WASHINGTON - The Biden administration is “exploring ways” to put 19th century abolitionist leader Harriet Tubman on the front of the $20 bill.
White House press secretary Jen Psaki said Monday the Treasury Department is taking steps to resume efforts to put Tubman on the $20 bill.
Former Treasury Secretary in the Obama administration, Jack Lew, had selected Tubman to replace Andrew Jackson, the nation's seventh president, on the currency.
But Tubman's fate had been in doubt since the 2016 presidential campaign, based on critical comments by then-candidate Donald Trump, who branded the move “pure political correctness.”
Trump administration Treasury Secretary Steven Mnuchin did not move forward with the decision. Instead, he announced in May 2019 a delay in redesigning the $20 bill in order to first redesign the $10 and $50 bills to improve security features to thwart counterfeiters.

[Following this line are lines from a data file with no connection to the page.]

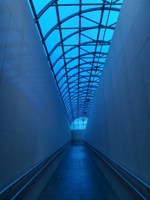 Обложка произведения memento Mori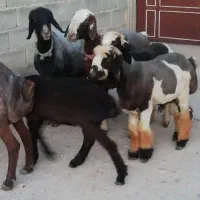 فروش میش بره  بز شیشک چینی بختیاری شهر کردی
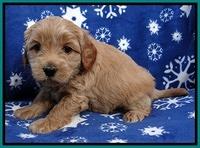 Macy Max pups 5wks old 161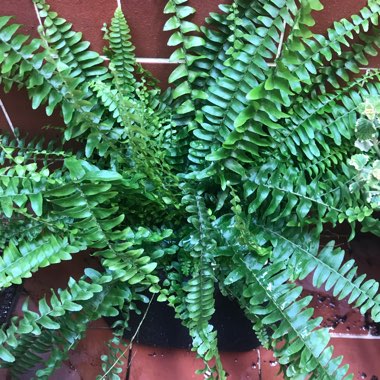 Boston Fern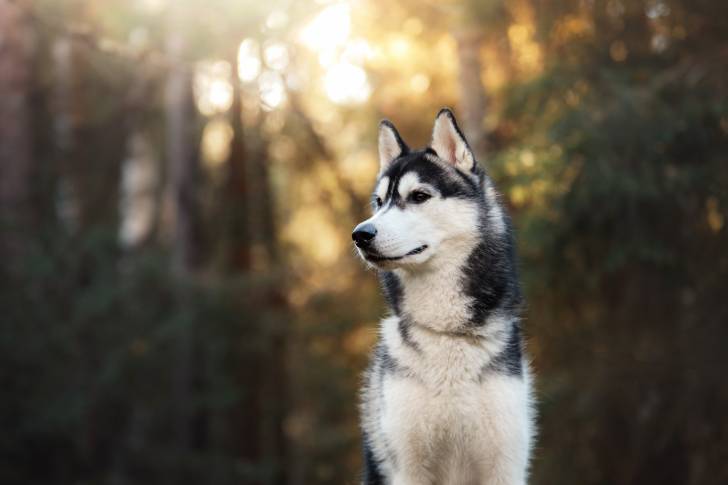 Un Husky Sibérien assis dans les bois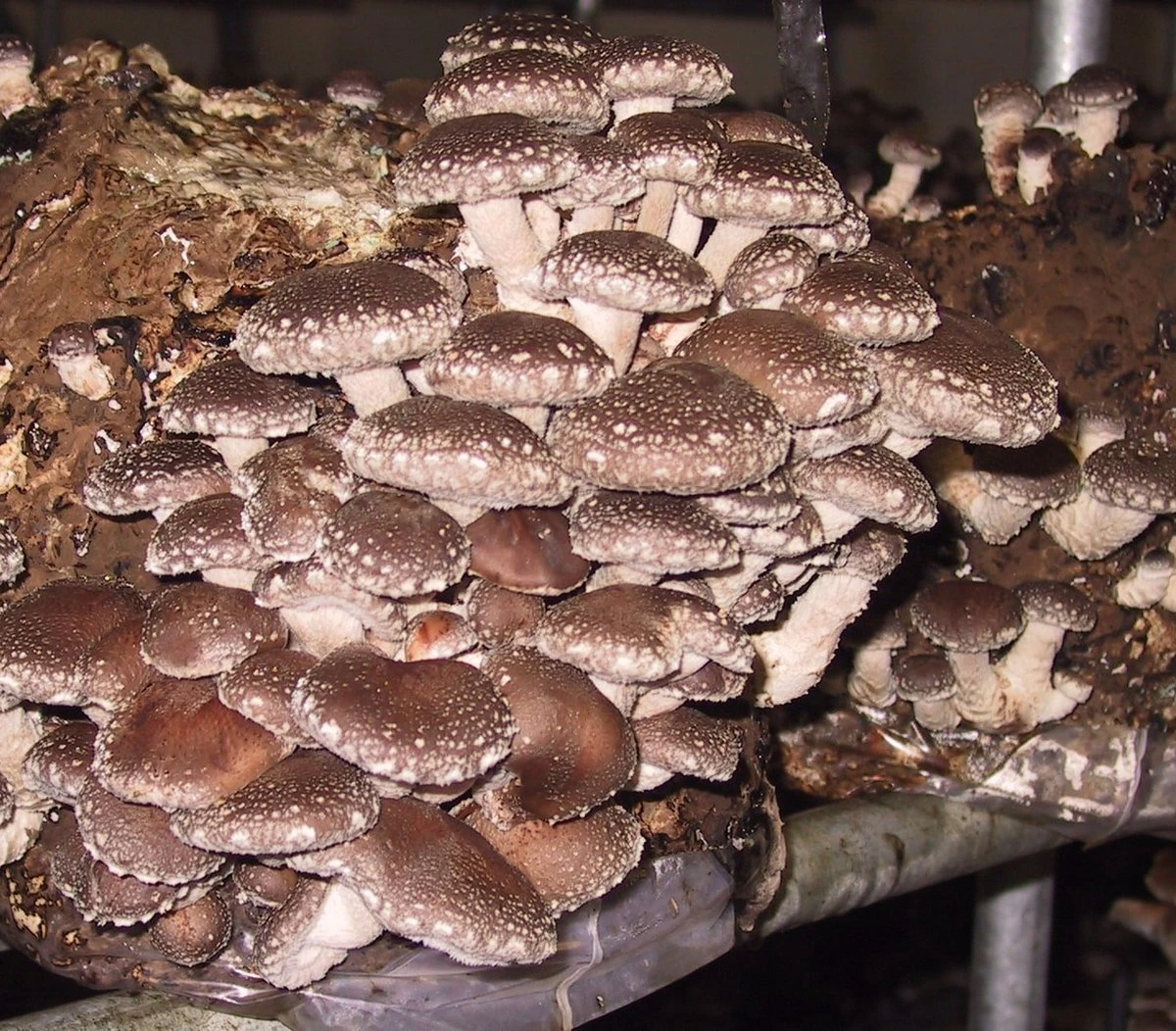 ToshiFarm Broed voor Shiitake - 50 gram - Zelf Shiitake kweken - Broed voor Shiitake Kweekset - Paddenstoel Sporen ToshiFarm Broed Voor Shiitake - 50 Gram - Zelf Shiitake Kweken - Broed Voor Shiitake Kweekset - Paddenstoel Sporen -Tuinverzorgings Winkel 1200x1052 2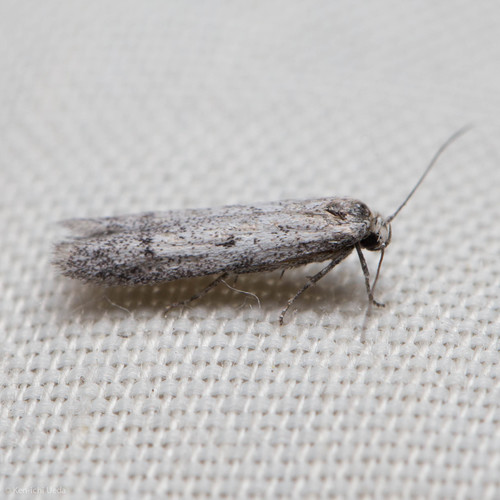 iNaturalist observation photo of Butterflies and Moths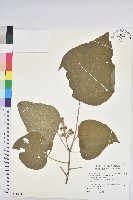 藏品(野桐)的圖片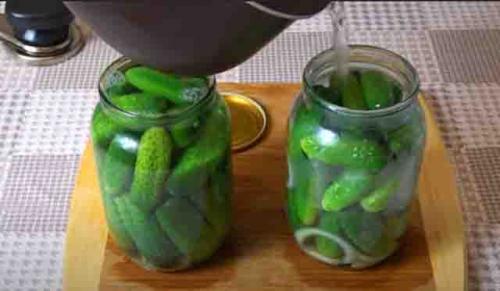 Можно ли использовать другие специи или приправы в болгарском рецепте огурцов. Огурцы по-болгарски на зиму: самые вкусные рецепты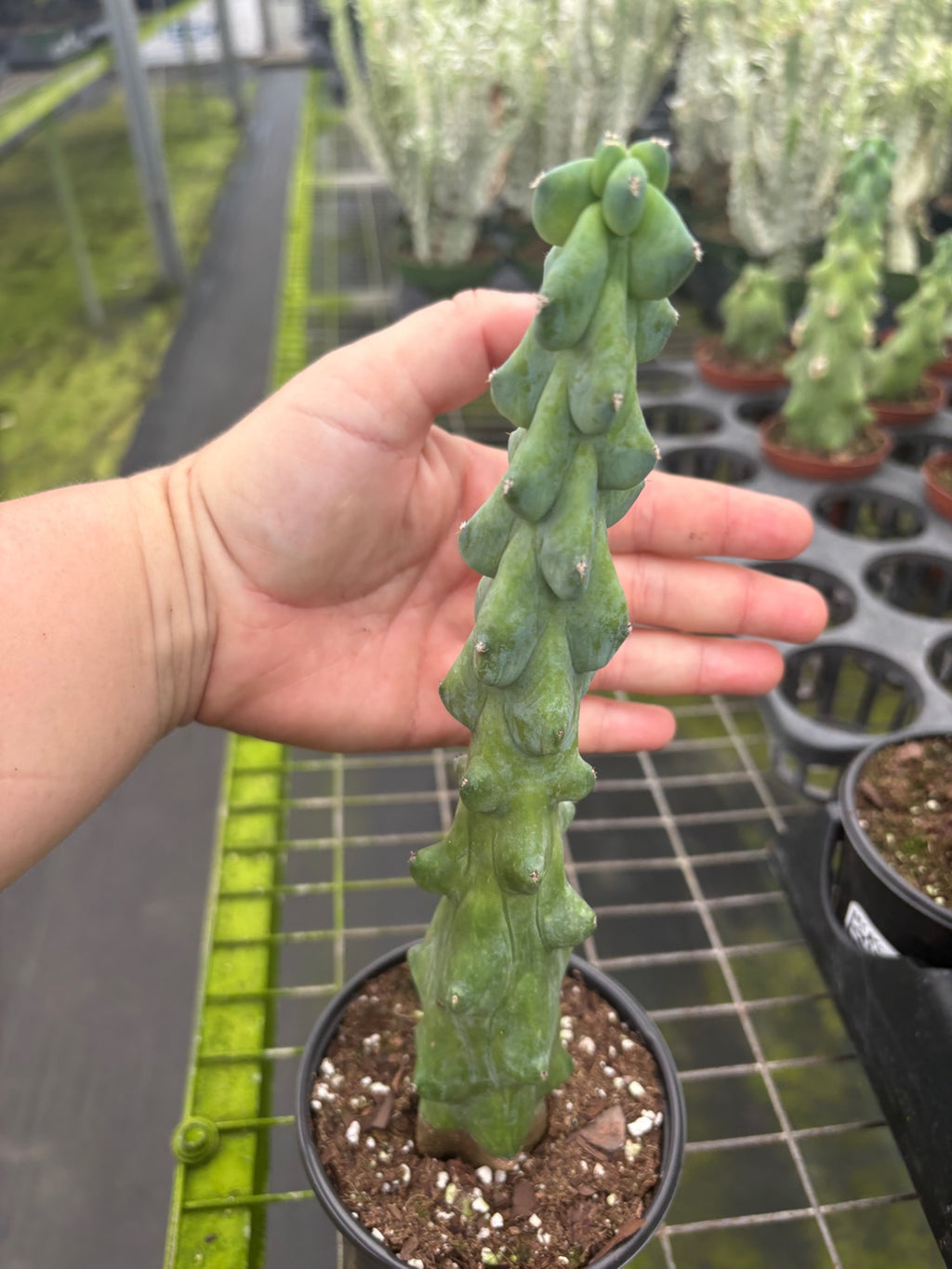 Boobie Cactus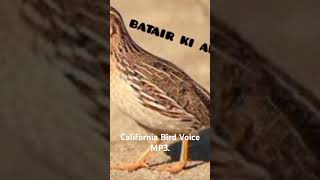 California Quail Bird Sound batairvoice birds animal sound [upl. by Dewhirst]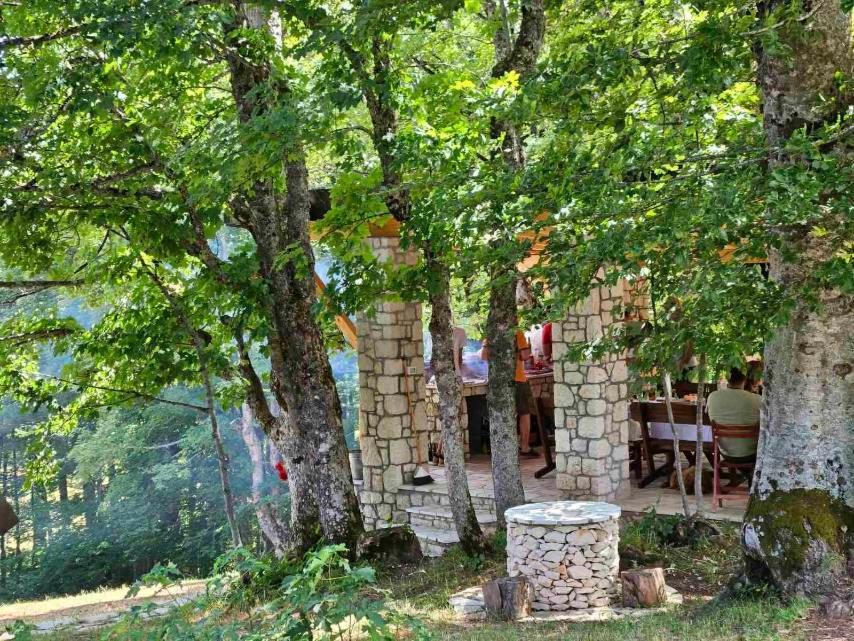 Vila Sun Forest Žabljak Exteriér fotografie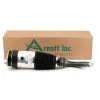 Luftfederbein vorne Arnott AS-3751 Bild Luftfederbein vorne Arnott AS-3751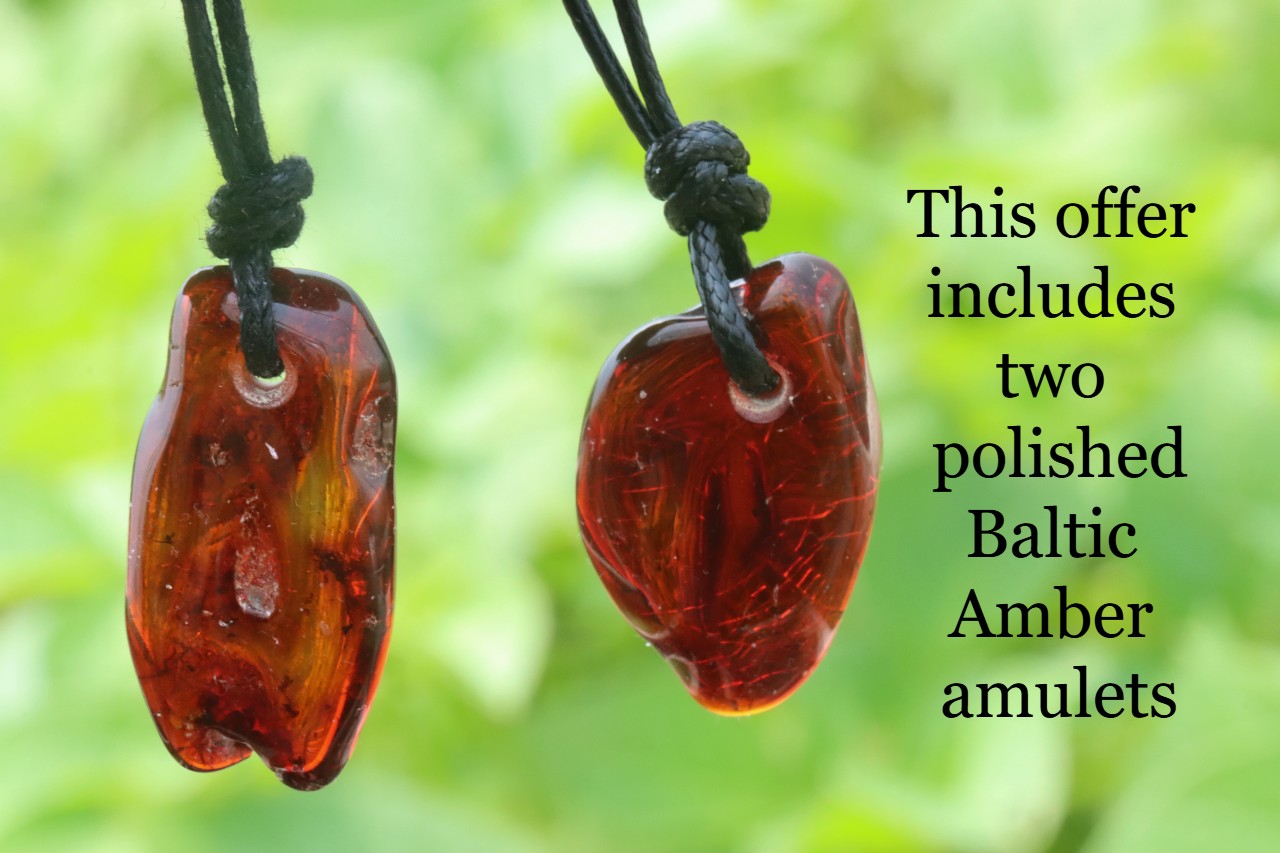 Set of 2 X Baltic Amber Amulet Pendants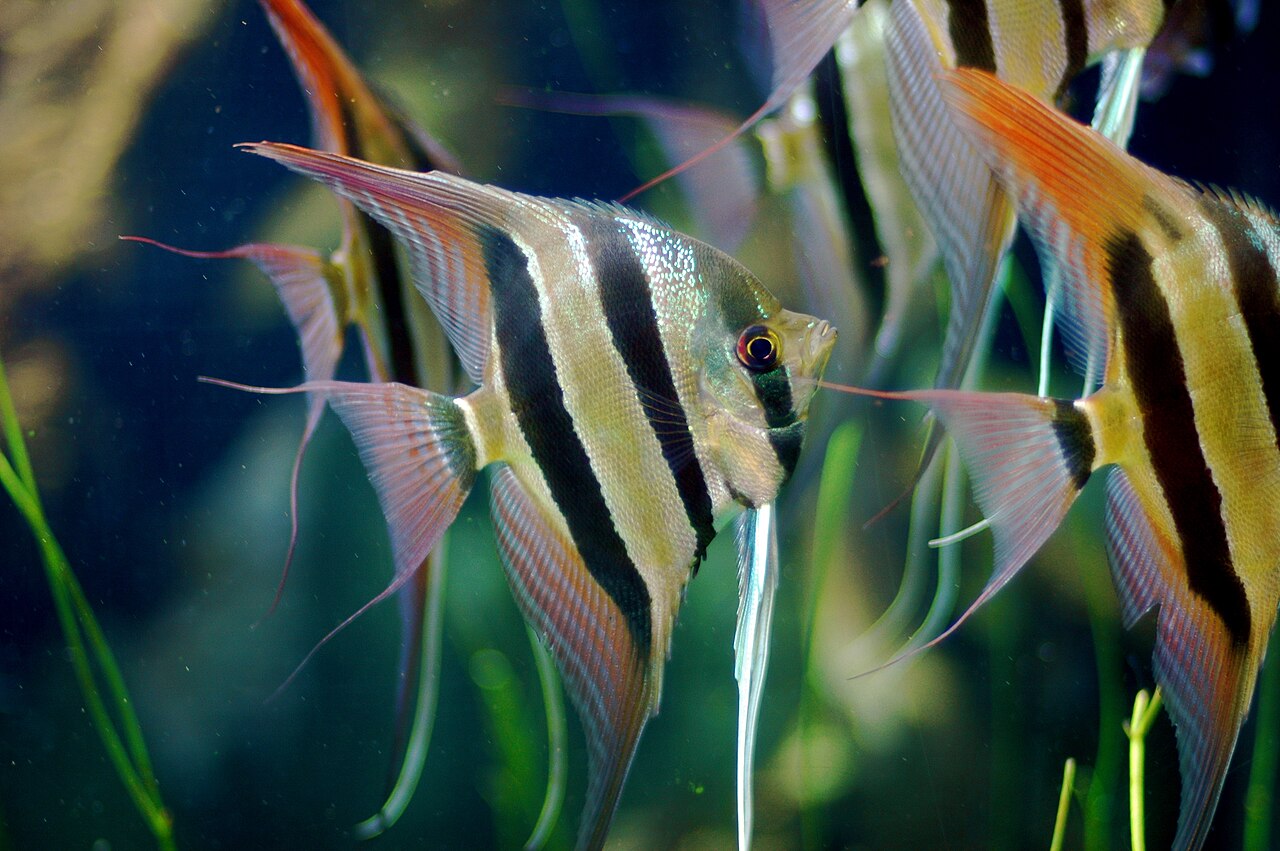 Scalare altum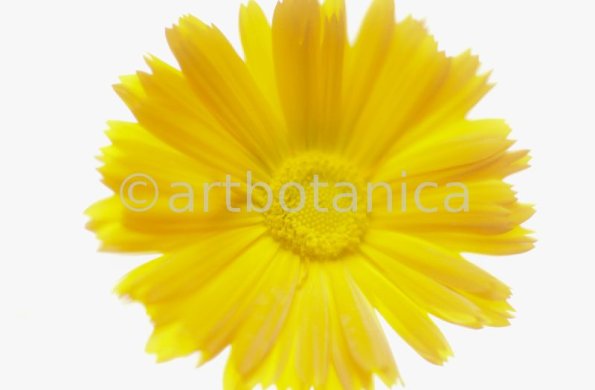 Ringelblume-Calendula-officinalis-64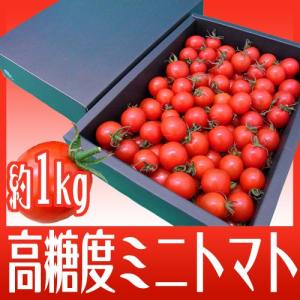 プチトマト 緊急スポット】”ミニトマト” かなり訳あり 約3kg 大きさおまかせ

The unveiling of the redesigned $20 bill featuring Tubman, famous for her efforts spiriting slaves to freedom on the Underground Railroad, had been timed by the Obama administration to coincide with the 100th anniversary of passage of the 19th Amendment giving women the right to vote.
Under the schedule Mnuchin announced in 2019, the redesigned $20 bill would not come out until 2028, with final designs for the bill not announced until 2026.
But Psaki told reporters during a briefing Monday that she and other officials were surprised to hear of the delays. With a change in administrations, she said the Treasury Department was taking steps to accelerate the effort.
“It is important that our ... money reflect the history and diversity of our country, and Harriet Tubman's image gracing the new $20 note would certainly reflect that,” Psaki said. “We are exploring ways to speed up that effort.”
Psaki said specifics on a new timeline for introducing the redesigned currency would be announced when finalized by the Treasury Department. Biden has selected Janet Yellen to be his Treasury secretary, the first woman to hold that position in the department's 232 years.